Como parte de um projeto de investigação europeu com a Universidade de St. Gallen, Lund, Copenhagen e Charité em Berlim, investigamos quais narrativas moldam as expectativas futuras da computação quântica e influenciam a inovação tecnológica. Para fazer isso, analisamos relatórios de mercado de 15 grandes empresas de consultoria globais, documentos de estratégia política e mais de 2.300 artigos de mídia de oito jornais do Reino Unido, EUA, Índia e China, utilizando análise de dados textuais apoiada por IA.
Os resultados mostram: Há uma grande variedade de histórias sendo contadas, mas as dominantes concentram-se em problemas e opiniões unilaterais. A narrativa crítica descreve a computação quântica como o “assassino da criptografia” e, portanto, o medo de que a tecnologia possa quebrar qualquer criptografia anterior. Os “truques” de Einstein ou outras explicações de “mágica” também estão disponíveis como histórias explicativas (bem) para explicar tecnologias complexas.

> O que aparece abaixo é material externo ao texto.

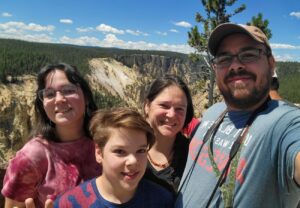 a family of four people outside standing in front of the grand canyon of Yellowstone. about me section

No mundo da competição tecnológica global, o tema é altamente político. Uma dessas narrativas é a “rivalidade sino-americana”, que retrata o progresso tecnológico como uma corrida desenfreada entre a China e os EUA. A computação quântica também é interpretada como um “trunfo” nas restrições às exportações, tornando-se assim um meio de comunicação económica. Este campo também inclui a “supremacia quântica”, onde estados e empresas competem. Esta narrativa enquadra-se bem no ciclo das manchetes dos meios de comunicação social e é frequentemente predominante nos mesmos.

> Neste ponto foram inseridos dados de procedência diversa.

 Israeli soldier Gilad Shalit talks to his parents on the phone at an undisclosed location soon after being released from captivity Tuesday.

Ao comparar as narrativas da política, dos negócios e dos meios de comunicação social, uma coisa se destaca: todos estão a preparar a sua própria sopa de oposição. Os documentos de estratégia do mundo empresarial não prestam muita atenção às questões políticas. Isto pode ser perigoso para as empresas, porque as condições do país podem limitar o desenvolvimento da tecnologia tanto quanto os programas de financiamento governamental podem encorajá-lo. A narrativa económica e política também ignora aspectos da coesão social. Este é um problema técnico onde é improvável que surja um mercado de consumo direto. Os computadores quânticos são tecnicamente muito complexos, sensíveis e caros. Os usuários finais ativarão seu poder computacional usando a nuvem, em vez de usarem sua mesa em casa. Isto levanta a questão de saber se estamos a caminhar para uma “cisão quântica” na sociedade.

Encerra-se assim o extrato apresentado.